INFORMATION PROVIDED:
----------

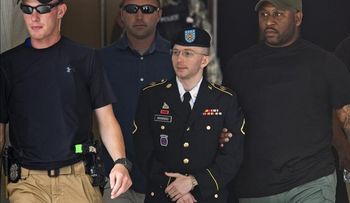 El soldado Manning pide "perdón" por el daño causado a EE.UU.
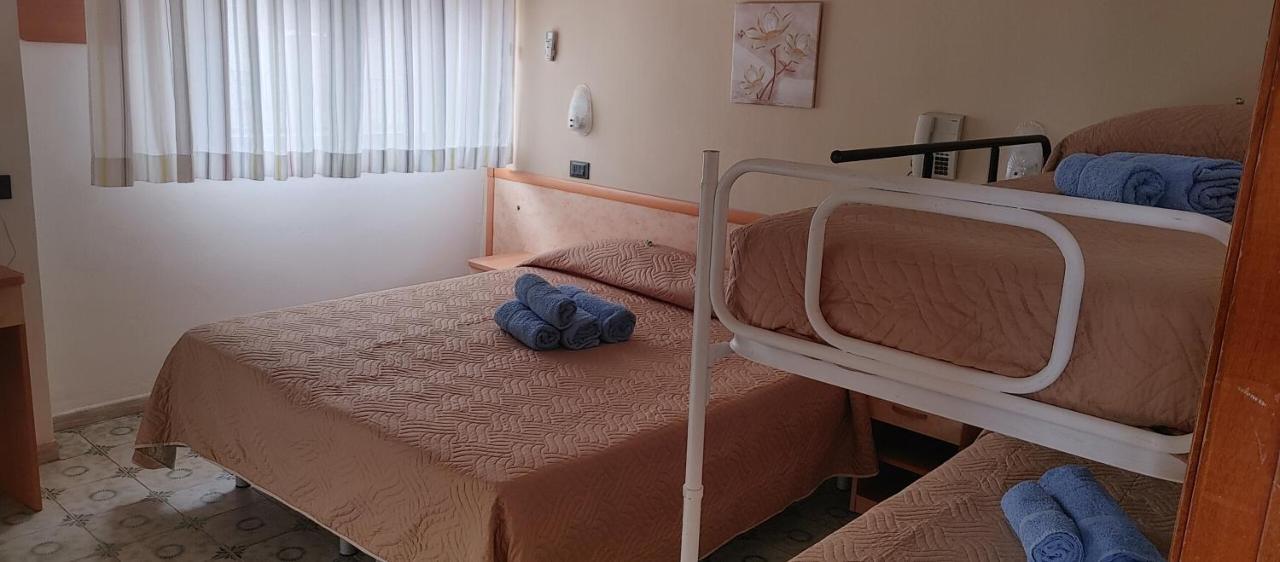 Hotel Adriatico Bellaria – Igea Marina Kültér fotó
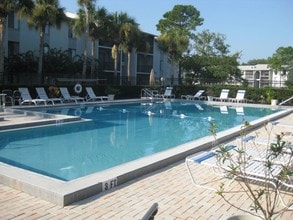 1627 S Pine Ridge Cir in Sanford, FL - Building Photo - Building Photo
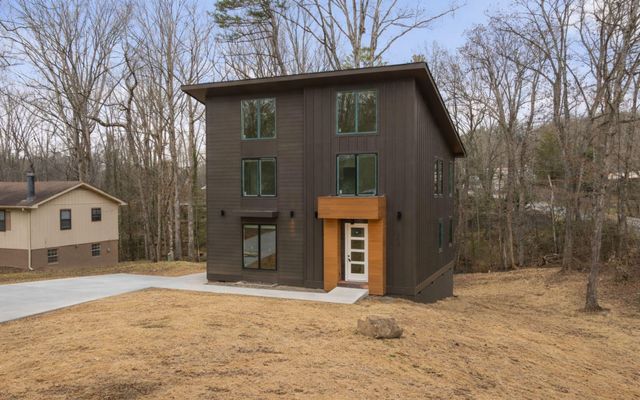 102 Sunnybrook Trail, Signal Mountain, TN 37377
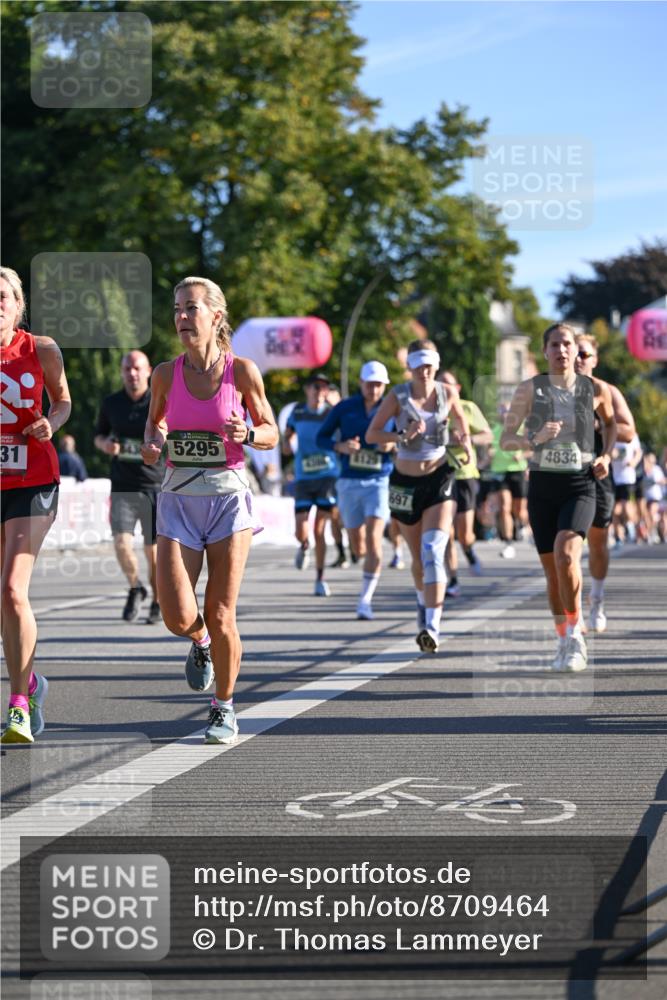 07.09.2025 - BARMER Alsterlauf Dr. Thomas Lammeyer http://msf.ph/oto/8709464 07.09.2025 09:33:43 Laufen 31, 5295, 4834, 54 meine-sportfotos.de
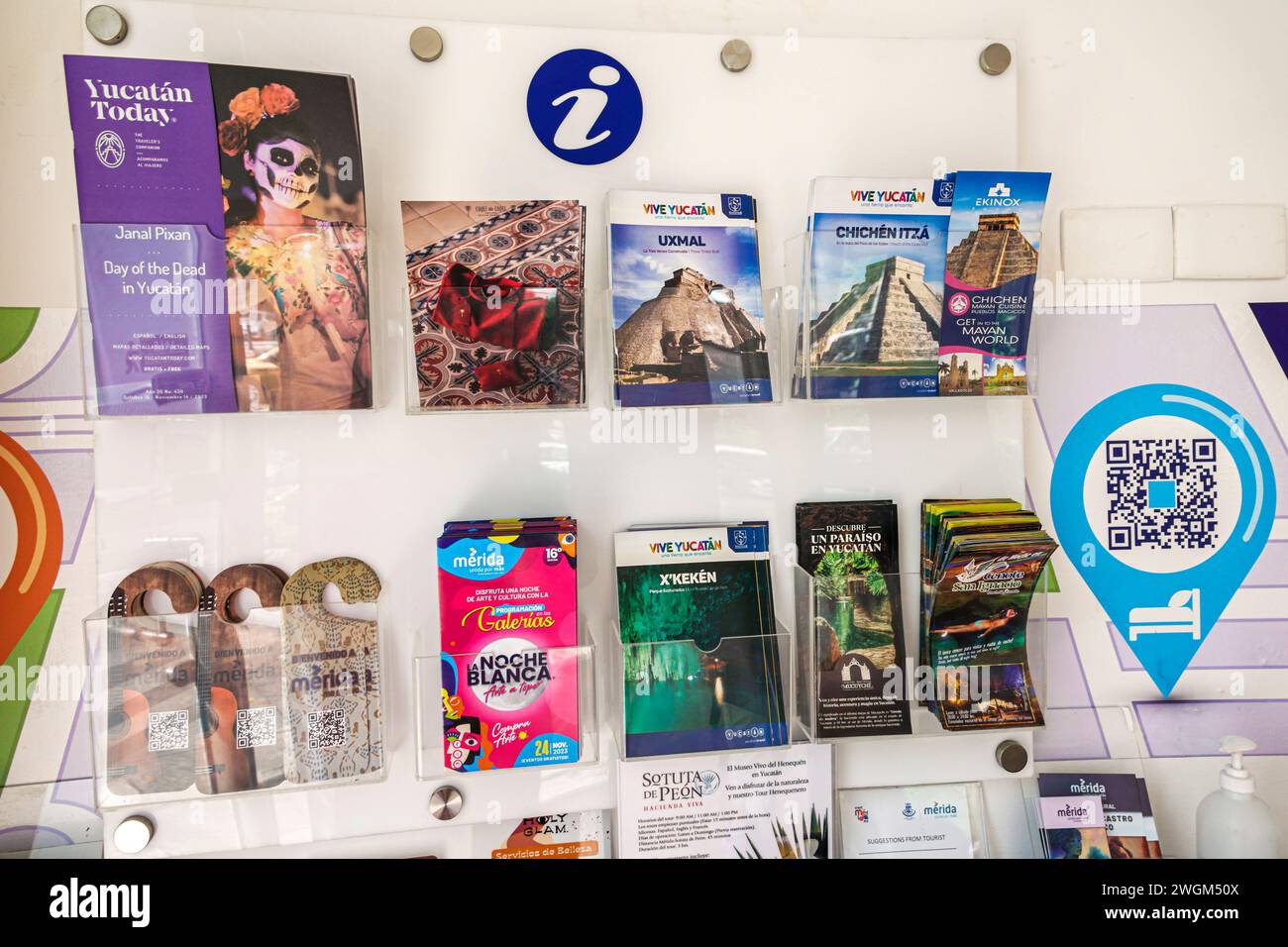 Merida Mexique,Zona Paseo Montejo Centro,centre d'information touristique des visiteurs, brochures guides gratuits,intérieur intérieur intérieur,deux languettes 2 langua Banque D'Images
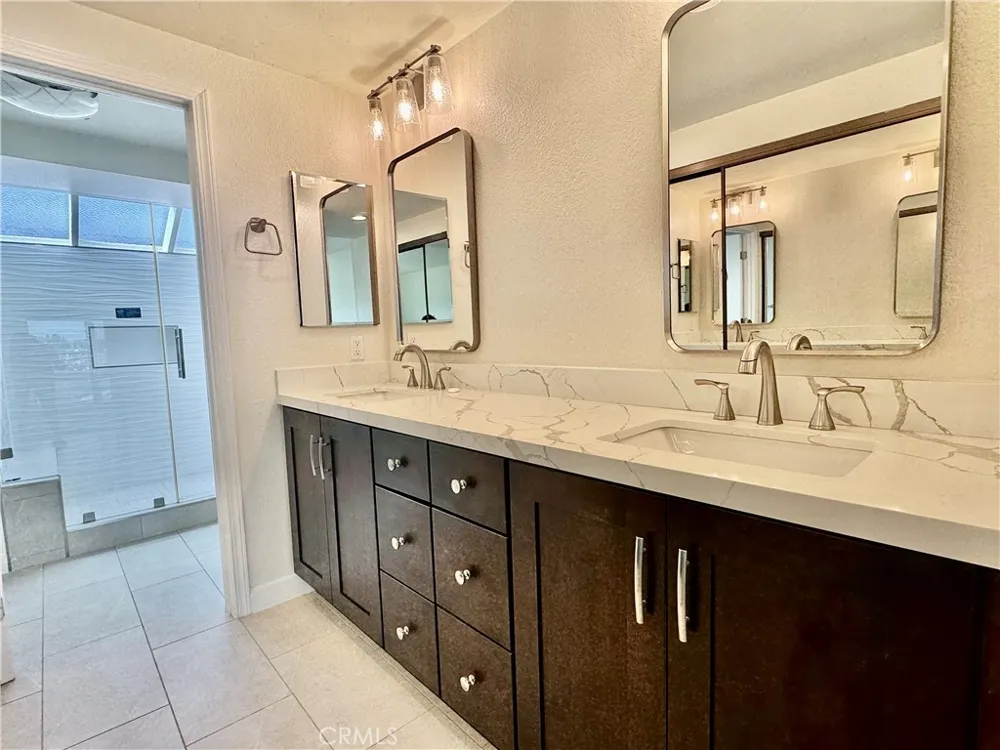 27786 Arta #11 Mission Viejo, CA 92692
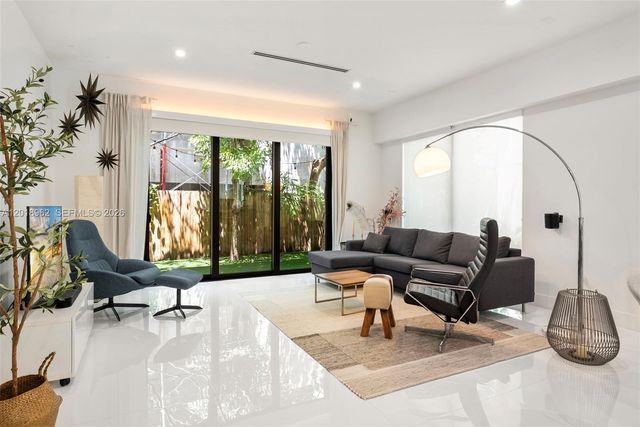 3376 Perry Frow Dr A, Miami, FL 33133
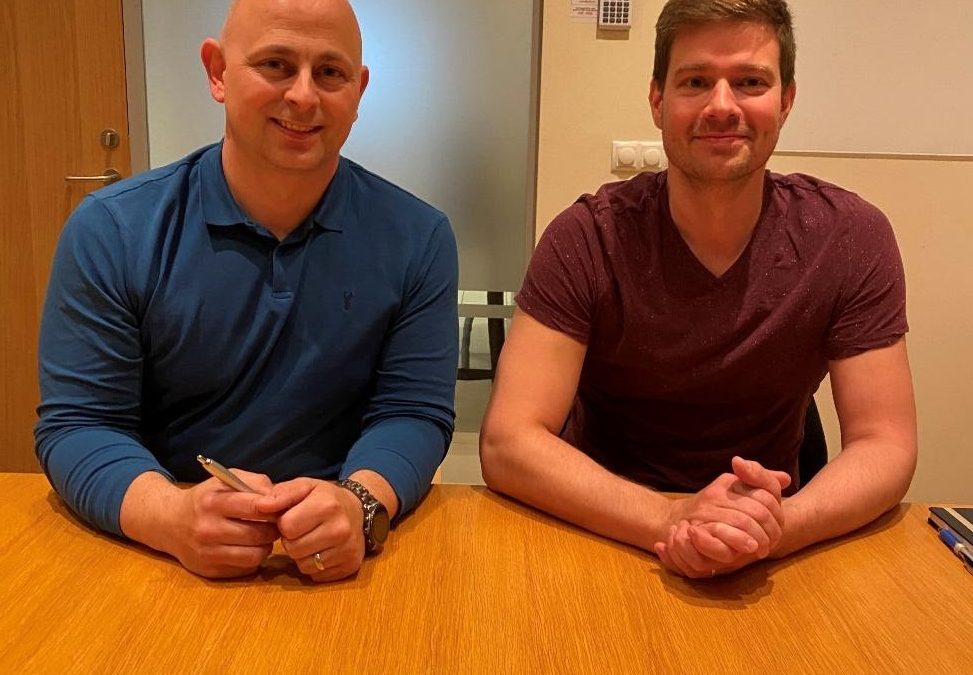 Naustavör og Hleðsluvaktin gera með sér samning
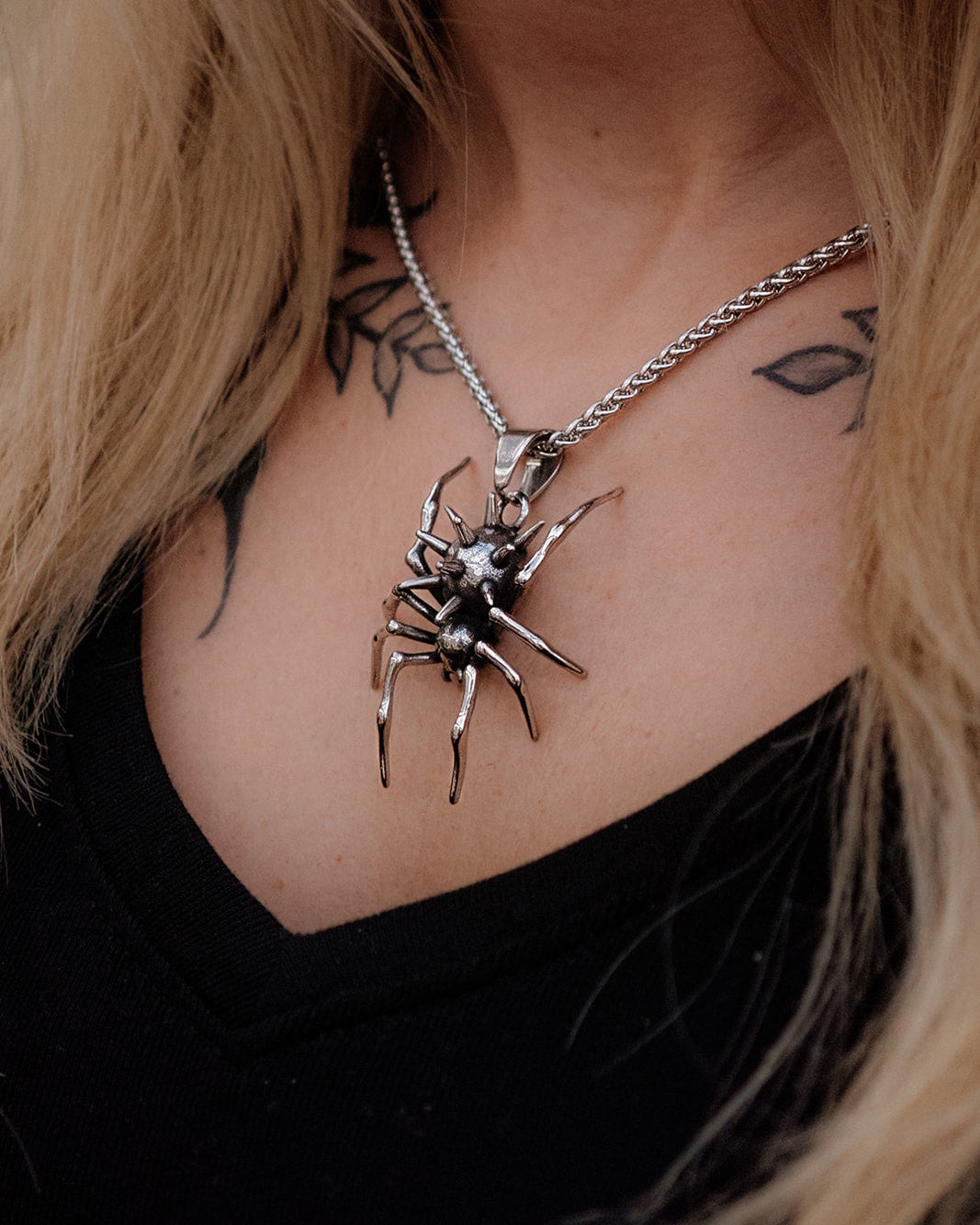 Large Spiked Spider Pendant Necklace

----------

EXERCISE AIM:
Reproduce the whole listing exactly, but not the images in it.

FINAL ANSWER:
 El soldado Manning pide "perdón" por el daño causado a EE.UU.
 Hotel Adriatico Bellaria – Igea Marina Kültér fotó
 1627 S Pine Ridge Cir in Sanford, FL - Building Photo - Building Photo
 102 Sunnybrook Trail, Signal Mountain, TN 37377
 07.09.2025 - BARMER Alsterlauf Dr. Thomas Lammeyer http://msf.ph/oto/8709464 07.09.2025 09:33:43 Laufen 31, 5295, 4834, 54 meine-sportfotos.de
 Merida Mexique,Zona Paseo Montejo Centro,centre d'information touristique des visiteurs, brochures guides gratuits,intérieur intérieur intérieur,deux languettes 2 langua Banque D'Images
 27786 Arta #11 Mission Viejo, CA 92692
 3376 Perry Frow Dr A, Miami, FL 33133
 Naustavör og Hleðsluvaktin gera með sér samning
 Large Spiked Spider Pendant Necklace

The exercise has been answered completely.